Word Prediction Application - Coursera Capstone

friedoutkombii
Dec 2017

Introduction

This app was created for the final project for the Capstone Course as part of the 10 module Data Science Specialisation through Coursera. The aim was to build an application that can predict the next likely word given an input of one or more words. The backend of this app is built on n-grams created from English blog & Twitter text samples that have been preprocessed.

The app accepts written input and quickly gives it's top 3 predictions. The prediction method used is the Stupid Backoff method applied across uni/bi/tri/quad - grams.

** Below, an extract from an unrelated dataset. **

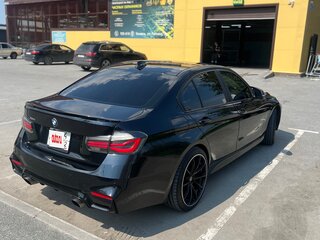 2018 BMW 3 серии 320i xDrive VI (F3x) Рестайлинг, чёрный, 2000000 рублей, вид 4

I have kept my design simple so we can focus on the word prediction itself and not the polish, I hope you have enjoyed my application.

The Application

alttext

Access & Use

  • The application can be accessed here
  • To use simply type in one or multiple words into the console.
  • The top 3 guesses will be returned for what the app predicts as the most likely next word.

Method

  • The underlying app is built on N-grams (from uni to quad-gram).
  • A Stupid Backoff algorithm is used as I aimed to create quick compute times.
  • This algorithm means we use an n-1 level ngram model prediction if the probability of the word occuring at n is 0.
  • The “Stupid”“ comes from the hardcoded multplication of odds at 0.4 when we jump back to a n-1 prediction model.